Noting that only Afam power plant and Kaduna distribution company were still left to be sold, Peterside said the Geregu plant is currently valued at over $600 million, more than the $549 million it was valued at in 2007 when the federal government began negotiations to sell only 51 per cent equity of the plant to the same firm.

The Nigerian partners of the Korean company, Sahara Oil and Gas, are the same company that bought the Ikeja Power distribution company.

A source familiar with the transaction told LEADERSHIP that the Egbin plant was sold without a bidding process.

He said, “The company had initially bought the plant during the government of former President Olusegun Obasanjo. But in 2007 when Umaru Yar’Adua came into office and cancelled the contracts of public companies that were sold to primates investors, the government did not return the money paid by the Korean firm.”

He said, “What the government has now done is to re-evaluate the previous contact and the present cost of the Egbin power plant. What was initially paid was not as much as $407million.”

Also penciled in for sale to the Chinese firm, which has almost completed their construction, are Omotosho (Ondo State) and Olorunsogo (Ogun State).

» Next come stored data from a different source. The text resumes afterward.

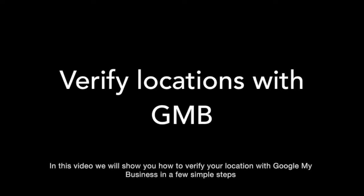In this video, we will show you how to verify your location with Google My Business in a few simple steps.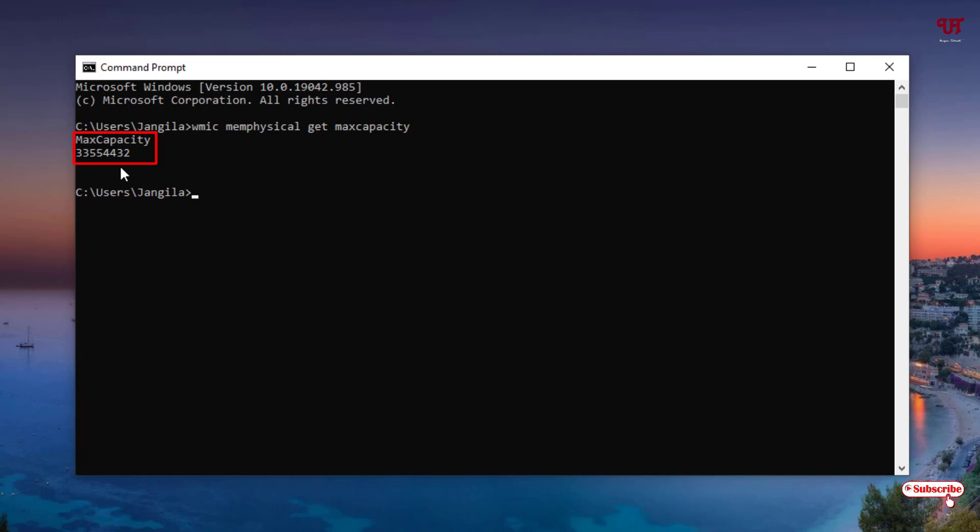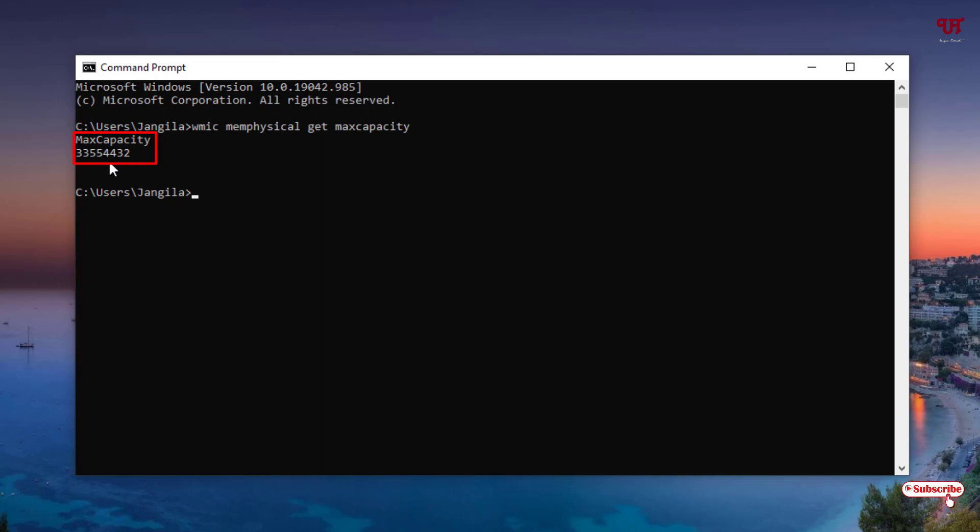The RAM capacity is shown in kilobytes. So if you convert this maximum capacity to gigabytes, it will be showing you almost like 33 GB or 32 GB that my computer motherboard supports. So if you're seeing like 16, then it indicates that your motherboard supports 16 GB of maximum RAM. And if you see like 8 written in the beginning, then it indicates that it supports up to a maximum of 8 GB of RAM.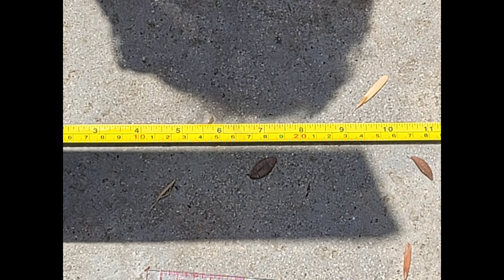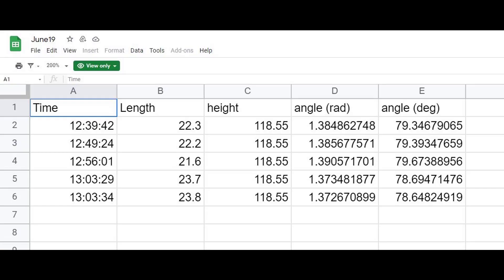Here I am just a little past local noon at 1:03, where I'm measuring one last time, just to show how much impact we get if you're a little bit off on your time. I took a few measurements before noon, during noon, and after noon to see the impact of that. As you can see, all these measurements are within one degree of each other.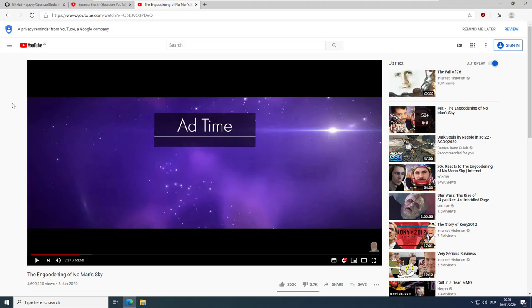While surfing the internet, uBlock Origin is my loyal companion. It makes the internet fast and secure by blocking irritating and intrusive advertisements, but it has now come to its limits due to direct sponsoring in YouTube videos.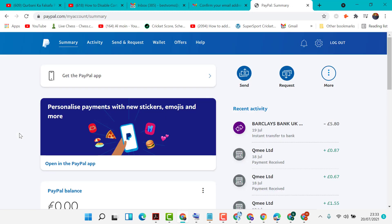So like this you can add an additional email to your PayPal account. Thanks for watching this video.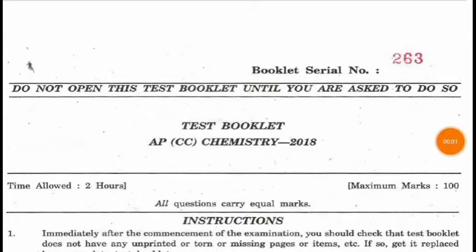Hello everyone, welcome you all. Today we are discussing the assistant professor chemistry 2018 exam in a college cadre. So let's start the GS portion.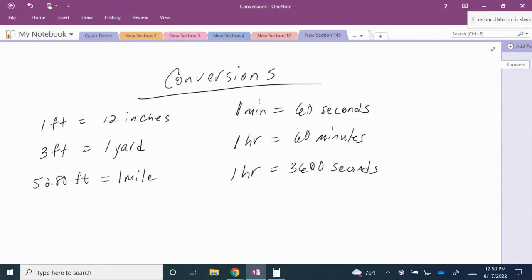In this lesson we'll talk about dimensional analysis and what a unit fraction is. Before we get into those topics, here we have a list of some basic conversions. On the left we have the conversions in measurement, and on the right we have conversions in time.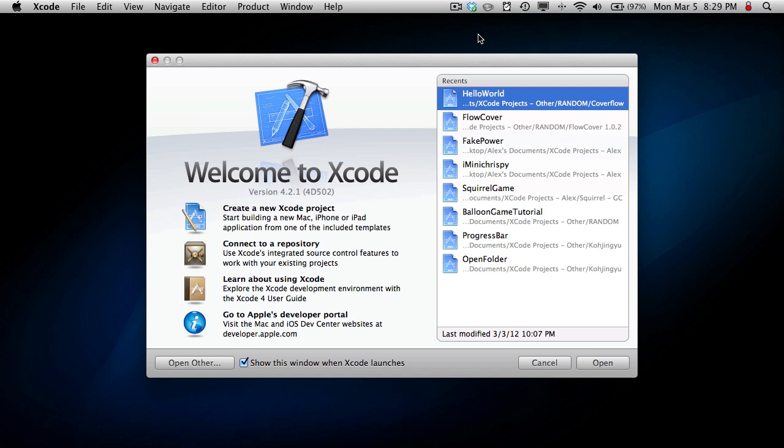What's up guys? Given the feedback on my last video, it seems like you really want to see some Xcode tutorials, so I thought I should just start off with a basics video showing you the basics of Xcode, which is the program you use to write the code for all the iPhone or iPod Touch or Mac apps that you could possibly want.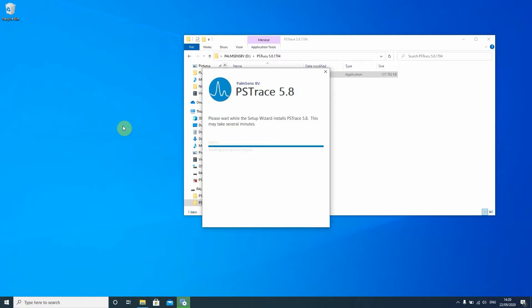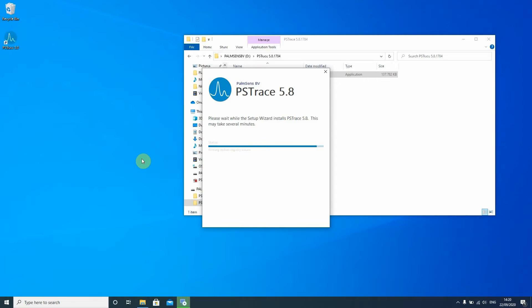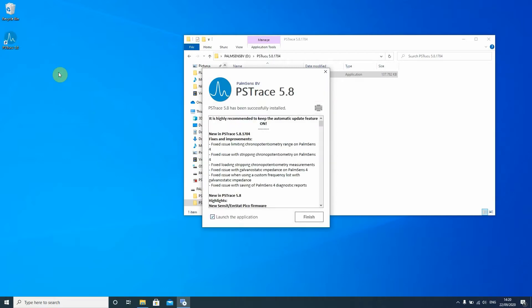Once that is done PS Trace will automatically add an icon to your desktop so you can very conveniently open it. You will also get a short list of the history of the PS Trace updates. This is especially useful if you have used a previous version of PS Trace and you would like to know what new features were added for this version that you're now installing.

Peterside said NCP’s offer of the plants on right of first refusal to the Chinese firm was the best because they would naturally understand the plants better and had agreed to a sale price the council considered reasonable enough.

He said the plants were offered for $166m, just as he pointed out that, except for Afam plant, “every other power plant owned by PHCN now has a core investor”.


Forte oil pays $33m for Geregu power plant

Forte Oil, which was given 15 days’ grace, however, paid the purchase sum of $33m immediately at the end of the meeting after the approval was granted.

NCP also considered the report of the progress being made by the attorney-general of the federation on arbitration which was delaying the privatisation of the Ajaokuta steel plant and Aluminium Smelter Company of Nigeria (ALSCON).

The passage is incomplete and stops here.